§ WHAT THE TASK REQUIRES:
Pictures stay out of the copy. Retype exactly, and only, the lines from the one containing "3 bedroom house" through the end of the listing below.

§ DATASET EXTRACT:

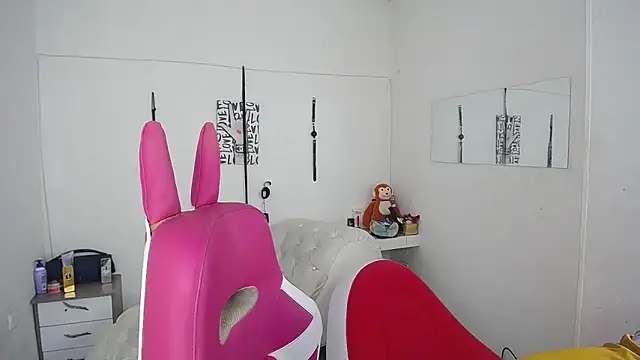 Leonard Price online show from 11-25-25, 04:02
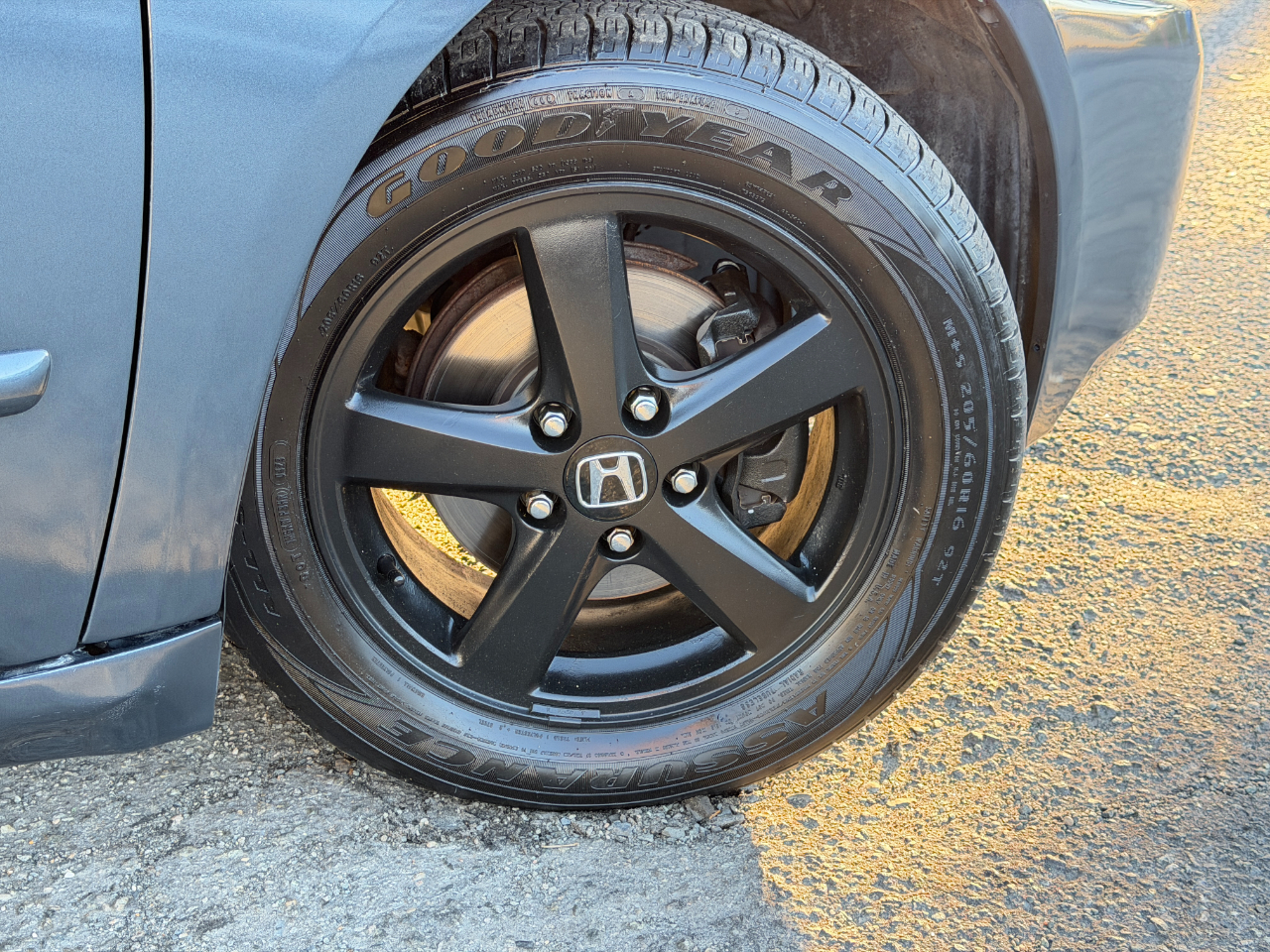 Honda Accord Sdn 4dr Sdn EX Manual w/Leather 2004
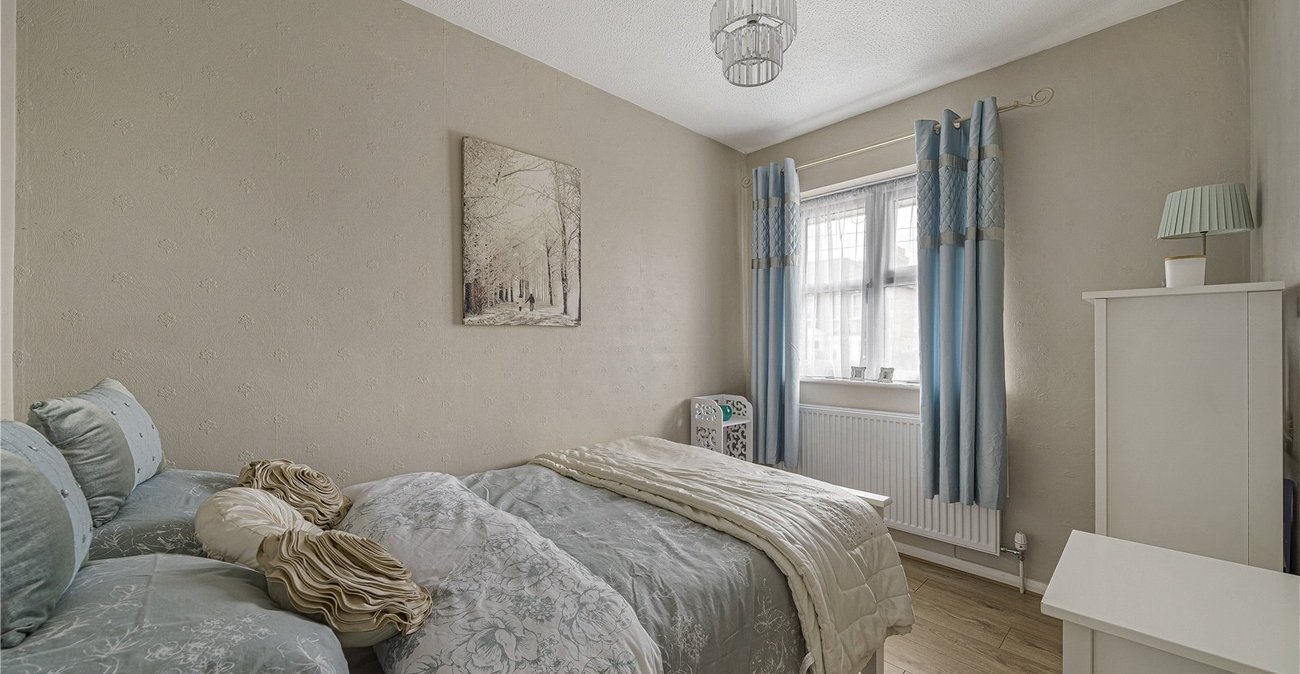 3 bedroom house for sale in West Dartford | Robinson Jackson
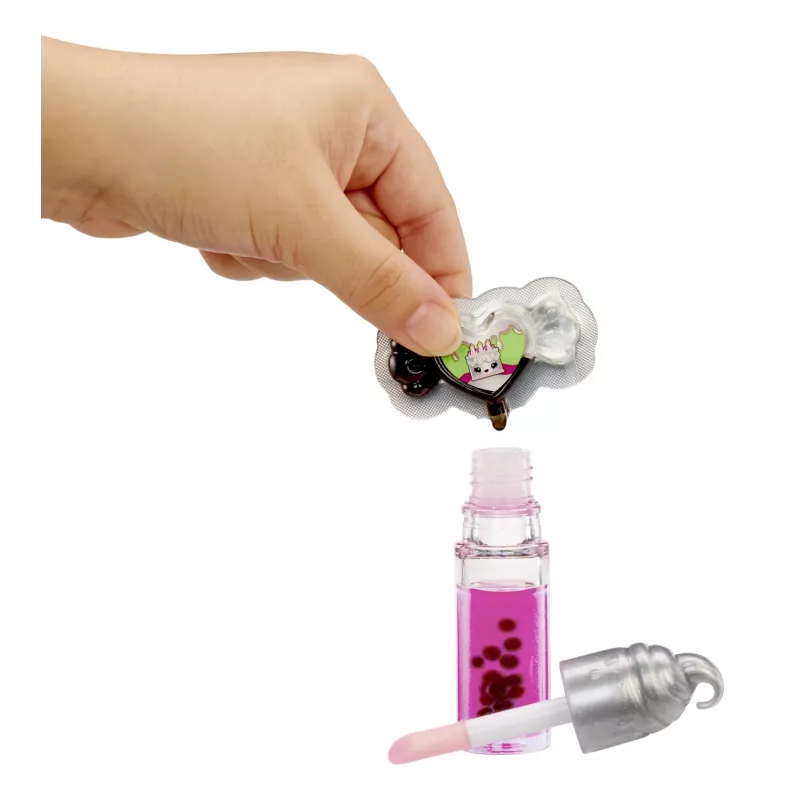 MGA Entertainment Yummiland Lip Gloss bábika Sour Sweeties - Misty Cakes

§ RESPONSE BOX:
 3 bedroom house for sale in West Dartford | Robinson Jackson
 MGA Entertainment Yummiland Lip Gloss bábika Sour Sweeties - Misty Cakes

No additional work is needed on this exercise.